Don't think I'd enjoy towing a caravan these days, would much prefer to holiday in a camper van, which can possibly be hired?  Most of the times these can be parked anywhere (allowable), not necessarily on a camp site.   Would love to tour round the US in those things called 'Winnebagos'.  We have one of the top motorcyclists (as a competitive sport) in the country (can't now remember his name) living in the next road.  He has a MASSIVE mobile home in his drive, think he lives in it wherever he goes when racing, looks as though it has room to carry his motorcycle as well.

Good to hear from you Noor.  Not sure why, but didn't expect that cauliflower would be a vegetable common in Malaysia.  Ate some myself yesterday for supper as really fancied Cauliflower Cheese, but couldn't be bothered to grate cheese, so in the end used half a tub of Philadelphia 'light' cream cheese, blended with some peanut butter (trying to make a satay-type sauce), plus a few spoons of chipotle sauce.  Heated this in a pan until it flowed easily (having to add some water as well) and this poured over the cooked cauliflower tasted rather good. 
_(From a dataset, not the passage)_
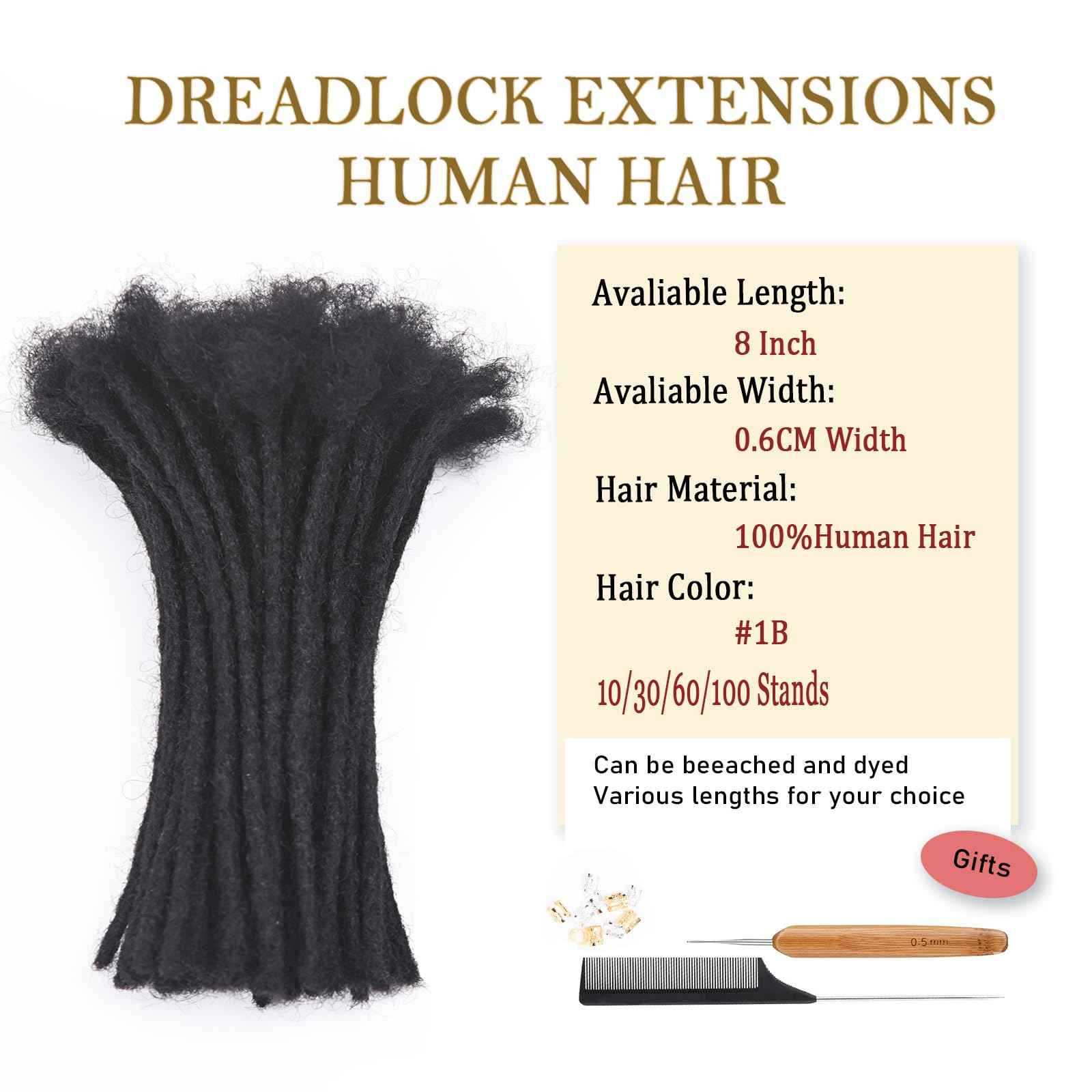 Loc Extension Human Hair 8inch 40Strands 0.6cm Width Natual Black Can Be Dyed Bleached Curled 100% Full Handmade Permanent Dreadlock Extensions for Women/Men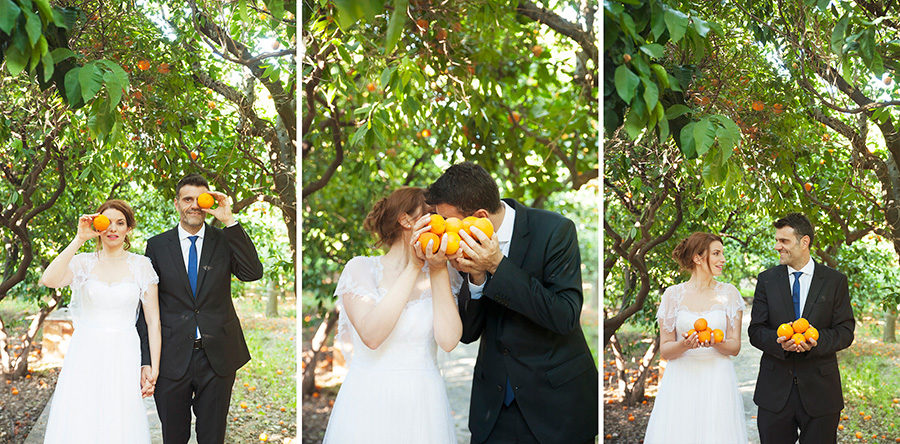 Play with the oranges. Kampos. Wedding Photoshooting. orange trees. Bride's and Groom's portrait. Riziko. greek wedding . Chios , Greece. greek island. Couple photoshooting. Love and married. Alepa Katerina . Layer Photography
Don't think I've come across 'corn crackers' Sarina, unless you mean those triangular crispy tortillas.  Myself find that 'rice cakes' (very low in calories) are quite 'filling'. Not very interesting when unflavoured, but I do like the Tesco salt and vinegar ones.  These are quite large, like small saucers, and good eaten plain or spread with a 'topping'.  'Snack a Jacks' are also rice 'cakes' but smaller, more like potato crisps.  They come in several flavours but work out more expensive.

Although I've mentioned avoiding carbos in my 'diet' at the moment, think the problem of weight gain comes from not just bread, but most foods that contain wheat.  It's not that I'm allergic to this grain, it just seems to absorb water within me, and it stays there.  So anything made from wheat I avoid (pastry, pancakes, Yorkshire Puddings, biscuits, pasta, naan bread, chapatis, Oriental noodles....). 
When returning carbs to my diet (after being on the high-protein for a couple or so weeks) have found that rice, pearl barley, potatoes seem not to put the pounds back on.  They may cause me to stop losing weight, but at least I don't gain as ALWAYS happens once I eat bread.  

This is dreadful.  Just the thought of hot buttered toast, or a pile of sarnies is now making me want to dash to the kitchen and make myself a plateful.  Why?  I can think of a lot of other foods I would enjoy eating, probably more so, but this very moment I want a sarnie, and especially a Spam sarnie.  Suppose I could eat Spam without the bread, but it wouldn't be the same. 

As it is now nearly noon will go and make myself another big mug of home-made tomato soup, this usually satisfies my appetite, then should manage to keep away from food until late afternoon when I can prepare myself a carbo-free supper.   Have enough books to read, and when reading usually find eating is the bottom of my list of 'things I should be doing'. 

B is at the club this evening, so also wants an early supper, and he can have that meat pie he put into the shopping trolley at B.Gr. yesterday, only because on the label it said 'Shirley's Steak and Kidney Pie'. 

Due to a late start today, have no time to sort out recipes, but hope to be able to offer some of interest to you tomorrow.  Please join me then, as you are always in my mind when I write.  TTFN.